İstanbulluların metrobüse binebilme savaşı yazılıp çiziliyordu.
Metrobüs çilesi falan.
İstanbul ‘da şurdan şuraya , özellikle de bir yakadan diğer yakaya en hızlı şekilde ulaşabilmeyi birebir deneyimlemeyince metrobüs nedir anlamak zor .
Metrobüs , İstanbul’un dillere destan trafiğine takılmadan ( Sadece köprüde takılıyor, o da nazar boncuğu olsun) upuzun şehir içi yolculuğunun etkili bir çözümüdür.
Bunun benzeri Ankara’da 90’ların ortalarına kadar vardı. Dikimevi-Bahçeli arası belediye otobüslerine tahsisli alan vardı,trafikten etkilenmezlerdi ama kavşak ışıklarında sıradanlaşırdı.
Mesela Kızılay’da Kolej yönünden Maltepe yönüne bir otobüs 20 dakikada geçebiirdi. Yeşil yanar, yolcu biner, kapı kapanır, kırmızı yanar, sonra yolcu gelir kapı açılır, yeşil yanarken meşguldür vesaire, bu kısır döngü otobüs başına 20 dakka .

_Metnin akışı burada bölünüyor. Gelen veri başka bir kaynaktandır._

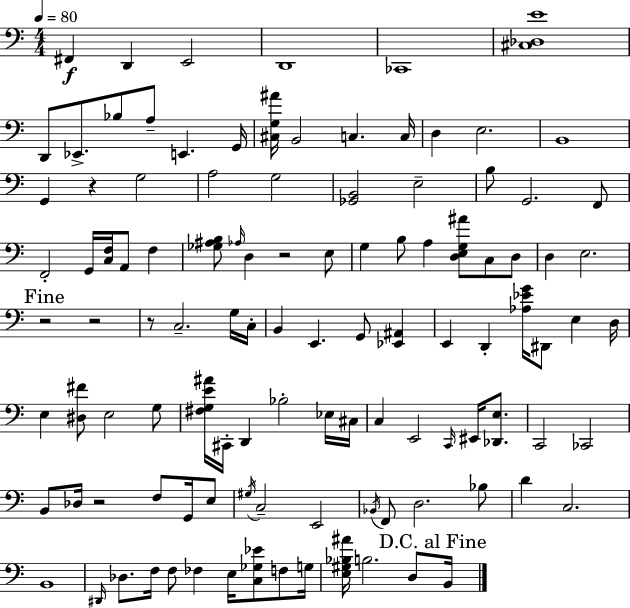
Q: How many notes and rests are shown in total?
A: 109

Neyse ki İstanbul Metrobüslerinde bu durum yok.

Sadece “ rush out “ saatlerinde pestilin çıkar. Ben turist olarak takıldığım için buna denk gelmedim.
Rush – out tabirini yeğenden yeni öğrendim. O bir mavi yakalı. Metrobüs nedir bilir. Rush –out işe giriş çıkış saatleri demek oluyor.
Bunu bir doktor arkadaş da söylemişti bana , rush- out demeden. Metro ve metrobüsü günün bu zamanlarında kullanmanın heyecanını tatlı bir dille anlatmıştı. “Baktın ilerleyemiyorsun, önündekine bir koyuyorsun, o da ilerliyor sana da yer açılıyor “.
Rush- out saatlerinde metrobüse binmek,yer tutmak için İstanbullunun Rahibe Teresası , Adolf Hitler’e dönüşür ki şaşırmaman lazım. Neticede hayatta kalma geni diye bir şey var.
“Nezaket o saatler için sözlükte olmayan bir kelimedir” diye ekliyorum onun yerine.
Deneyimlemesem de anladım sayılır.
Yalnız bunu İstanbul’da değil de vallahi Mekke’de deneyimledim. Tecrübe ettim demek istiyorum. 2002’de görevli olarak Hacca gitmiştim.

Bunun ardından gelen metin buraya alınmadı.